You can pick snap beans at any stage of pod formation, until the shape of the individual seeds inside becomes apparent, causing the pods to bulge. After this stage, the pods are typically less juicy and more fibrous.
Snap beans will hold their quality after picking for several hours at room temperature. It is best to refrigerate them if you do not cook them immediately.
Pick beans for canning at the more mature stage, so that they remain firm after processing.
Pick filet beans when they are very slender. For other types, picking pods before they have gained more size can decrease yield.
Harvest shelling beans when the pods have become thin and tough, but not dry. The beans within will have developed their mature markings, although their color may still be pale. The pods should split open easily, and you can easily remove the beans.
Refrigerate shelling beans.
Harvest dry beans when the pods are dry and the beans inside are dry enough to rattle. Cut or pull the entire plant if the cold, rainy weather of autumn comes before the beans are fully mature. Then hang upside-down indoors to dry.
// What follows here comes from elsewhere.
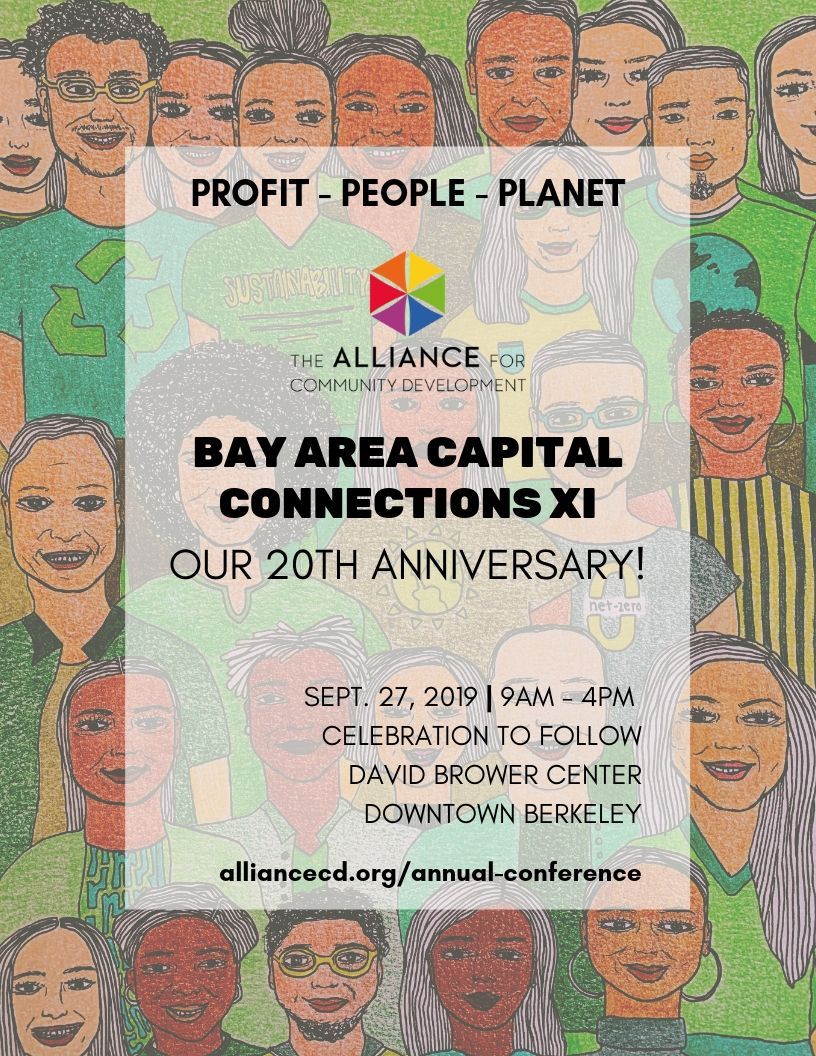 SAVE THE DATE! Our 11th annual Bay Area Capital Connections Conference is September 27th, 2019 and we're so excited for it! We're bringing together our ecosystem of people and organizations who have one vision in mind: #entrepreneurialsuccess. Tickets available July 19!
Once the pods and beans are completely dry, strip the pods from the plants and shell out by hand. For a larger crop, place the pods in a burlap sack and thresh by hitting the bag with a stick.
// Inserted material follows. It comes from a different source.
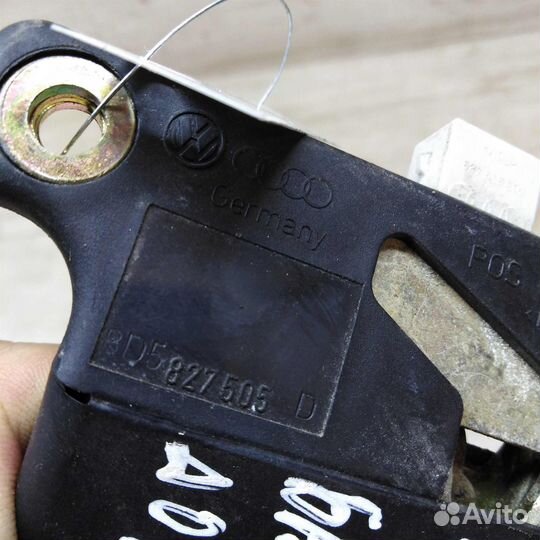 Замок багажника седан Audi A6 C5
Winnowing is the process of removing little bits of plant material from the seed. Take the seeds outdoors on a dry, windy day and pour them from container to container, allowing the wind to blow through the stream of seeds. The wind will remove lightweight plant fiber.
Store dry beans in bags, jars, or other containers in a dark, dry place.
Preservation: food safety first
- Home-canned beans are one of the most common sources of botulism poisoning. Properly prepared pickled beans do not cause this poisoning, because they contain so much acid from vinegar.
- If you wish to put up jars of plain beans, you must follow canning instructions exactly, including the use of a pressure-canner to process the jars.
- If you do not have a pressure canner, plan to freeze the beans.
- Of all common beans, only kidney beans are toxic when raw. Both red kidney beans and white kidney beans (sometimes called "cannellini") contain toxins that cooking can remove.